I understand the benefits and what exactly is the column-oriented database. Each column data are stored in a separate file in the disk. Assuming something like below.
Say, table name: CarOwner
and Primary Key: Id
Row Oriented: Each record is stored together in the disk, probably in the same block.
Id | Name | Car | Age
----------------------------------
1 | John | BMW | 34
2 | Terry | Audi | 31
3 | Josh | Tesla | 24
4 | Dan | Ford | 50
I row store lookup is straight forward. You can do scan in each clock for matching filter or if the query key is indexed fetch the corresponding block after referring the index.
Column Oriented Structure in Disk: "Assumption"
Name File:- say starts at block block1 in disk
John
Terry
Josh
Dan
Similarly, Car and Age are stored in separate files.
So If I want to fetch name and car for a given ID, do we maintain and refer a file like below?
1 : {Name: block1-offset1, Car: block4-offset1,...}
2 : {Name: block1-offset4, Car: block4-offset3,...}
3 : {Name: block1-offset7, Car: block4-offset5,...}
Is this how lookup for a key works in the column store?
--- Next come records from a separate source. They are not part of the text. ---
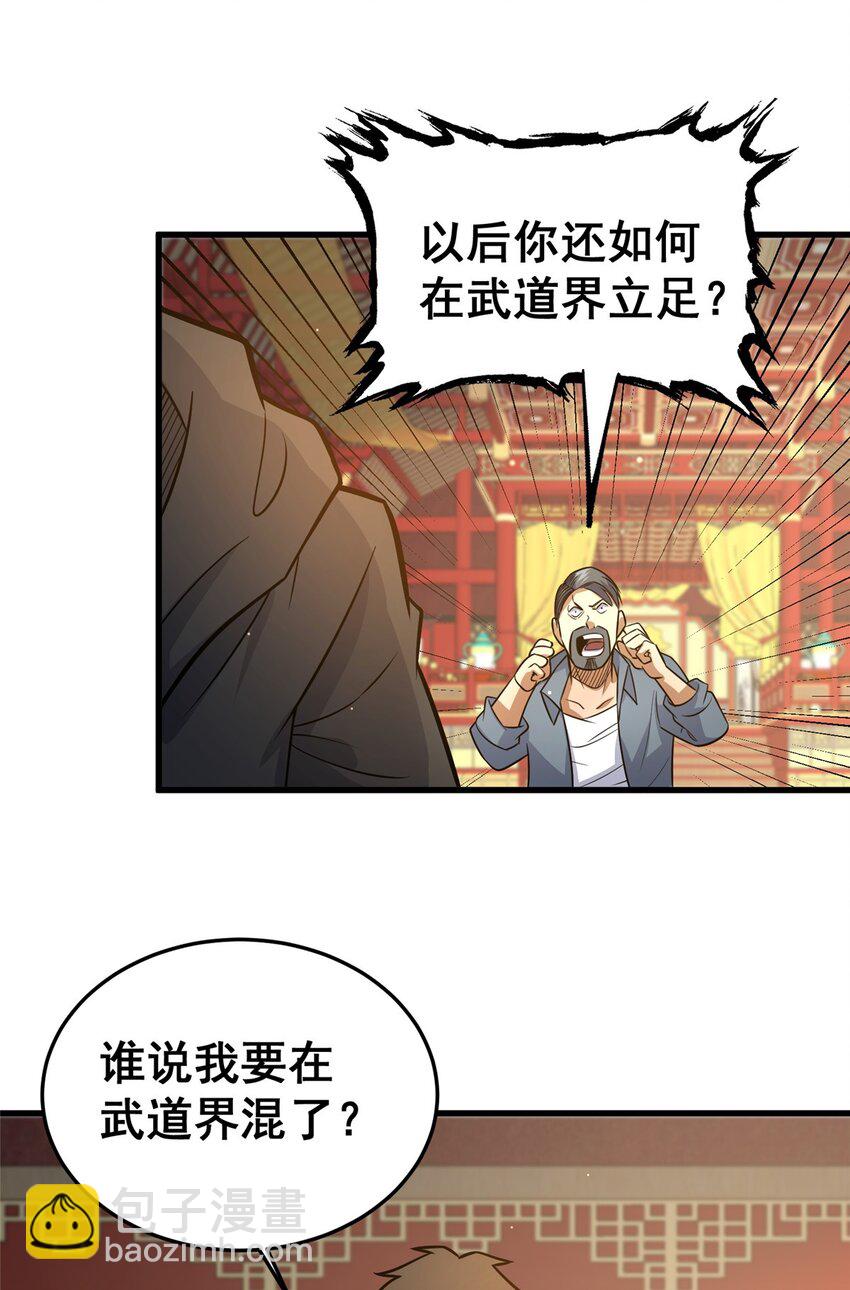 🍼都市极品医神 128 后盾 第39页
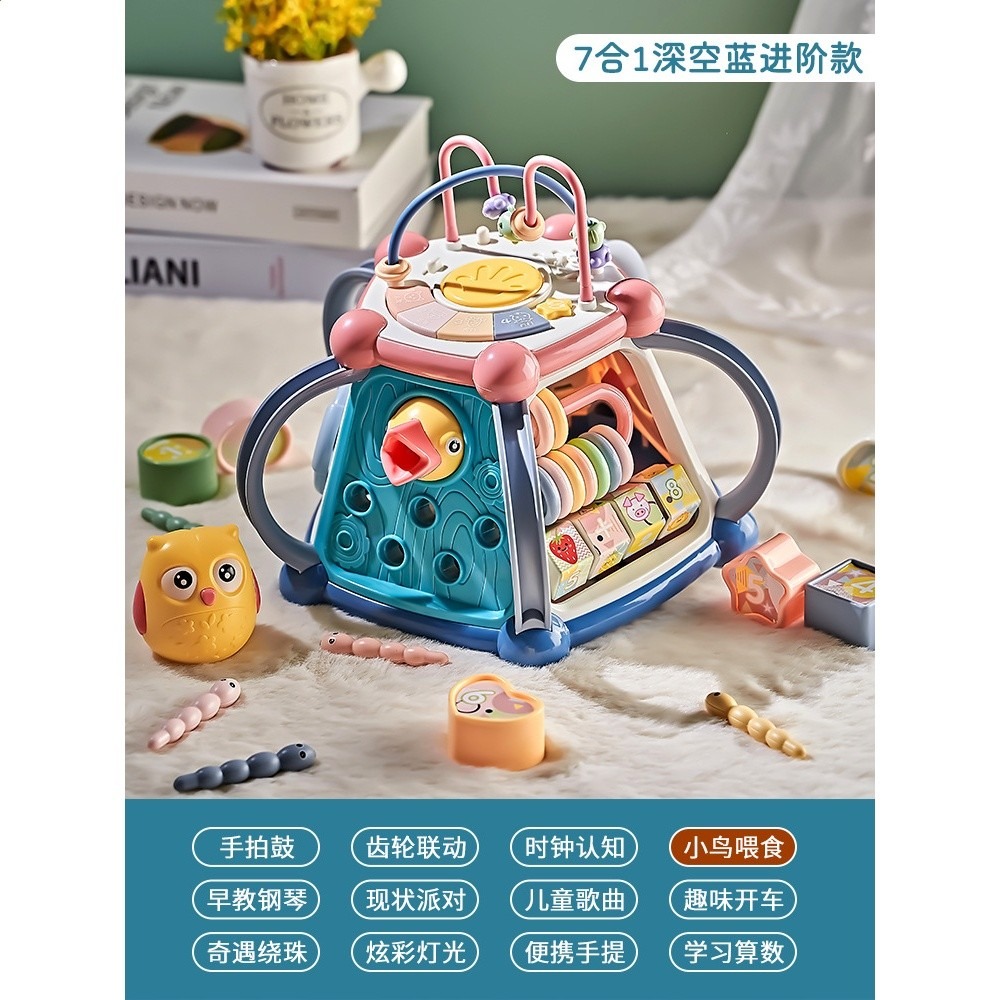 嬰兒玩具手拍鼓0一1歲益智早教2幼兒童拍鼓寶寶6個月7七六面體8八-規格圖5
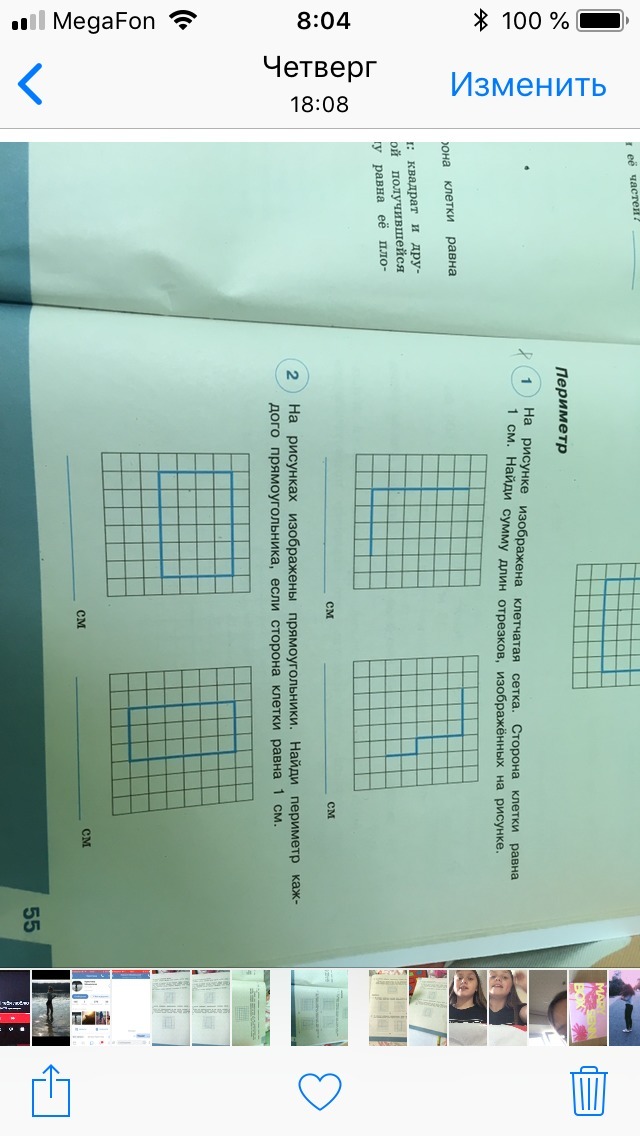 question img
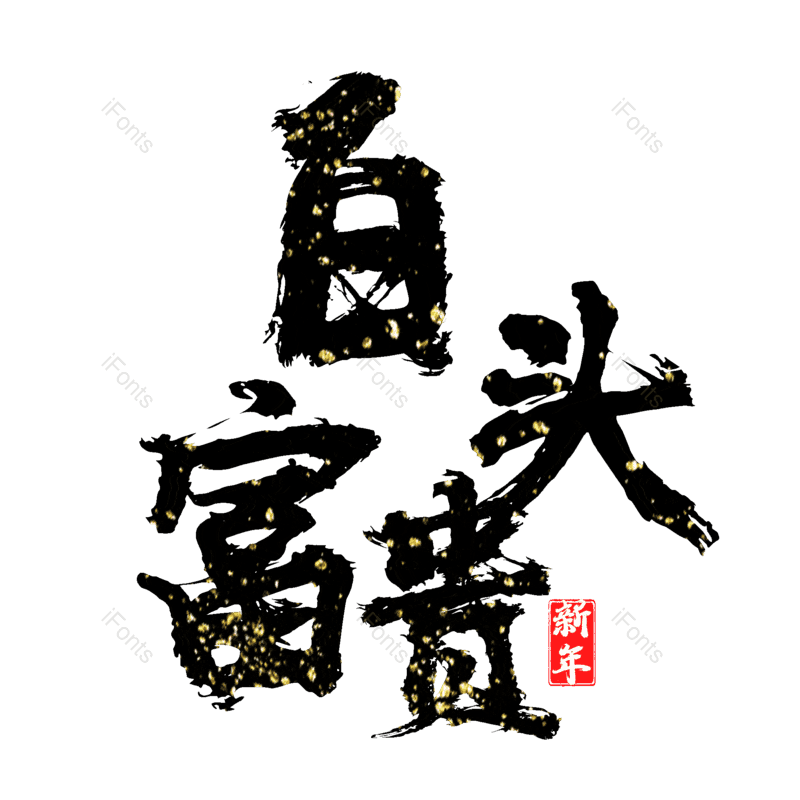 图片,元素,PNG,免抠素材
If that's correct what are the other ways to store?
How does Cassandra store its data? as it is categorized as the column-oriented DB too.
Cassandra stores data on disk in SSTables along with other files mentioned in documentation. When querying data by key (assuming it's not in memtable) it checks the index file, which points to the position of searched data in SSTable file.